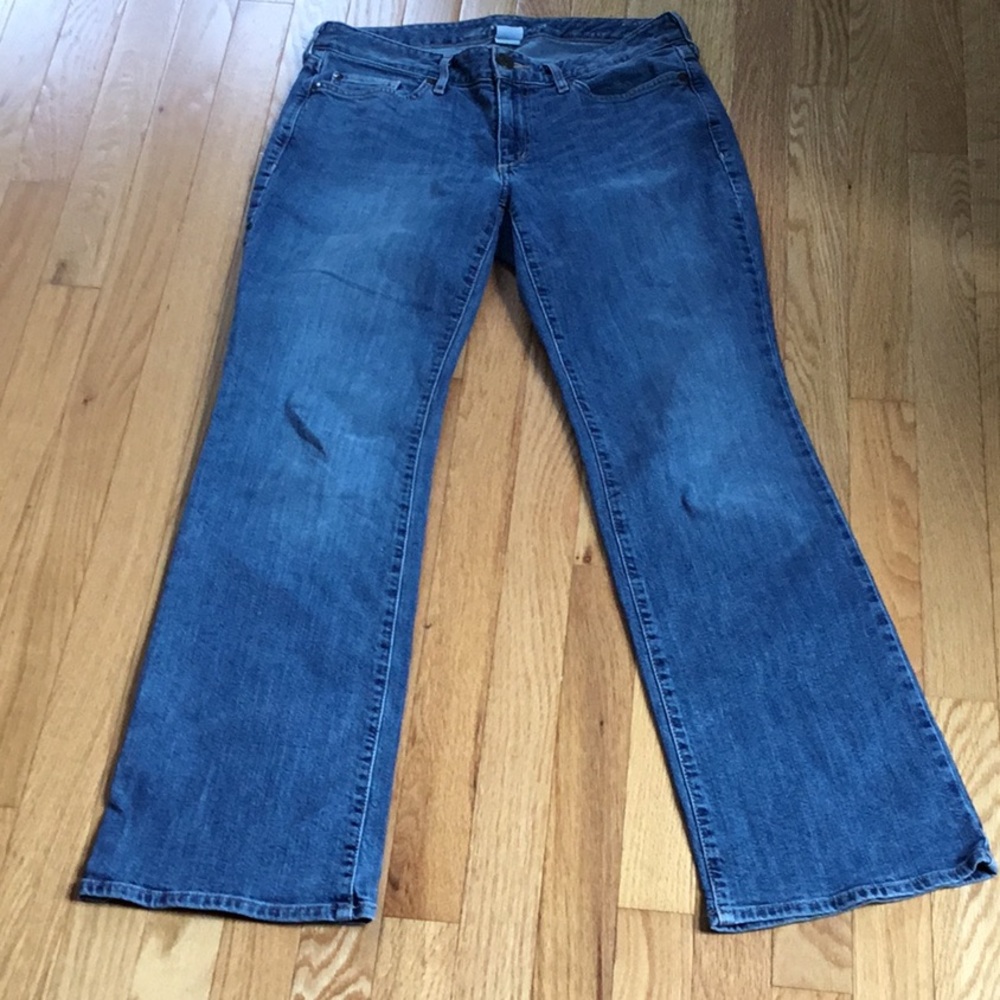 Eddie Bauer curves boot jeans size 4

====

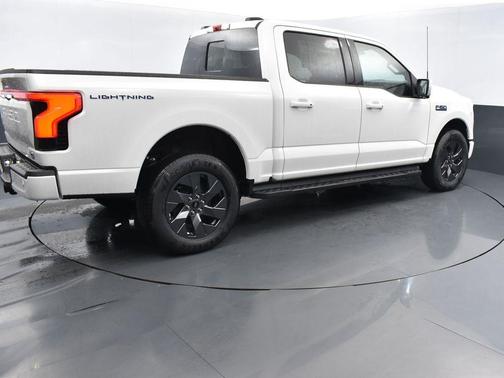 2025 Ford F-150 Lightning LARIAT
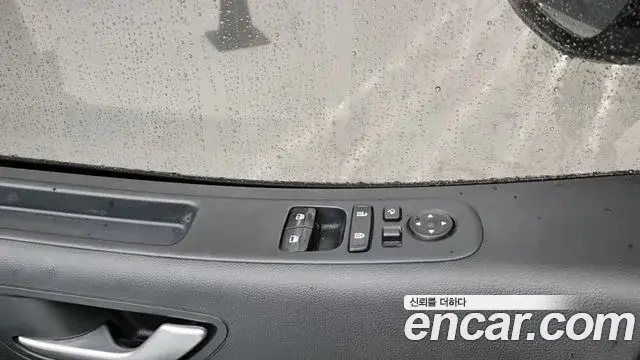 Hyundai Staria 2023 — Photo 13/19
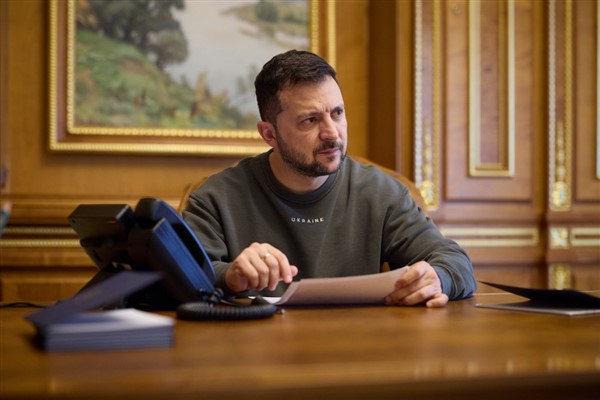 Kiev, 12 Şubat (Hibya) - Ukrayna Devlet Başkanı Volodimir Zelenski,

====

Directions for this task: Above are the records. Copy word for word only their lines from the one holding "2025 Ford F-150 Lightning LARIAT" through the one holding "Kiev, 12 Şubat", both included, and skip the images.

Response area:
 2025 Ford F-150 Lightning LARIAT
 Hyundai Staria 2023 — Photo 13/19
 Kiev, 12 Şubat (Hibya) - Ukrayna Devlet Başkanı Volodimir Zelenski,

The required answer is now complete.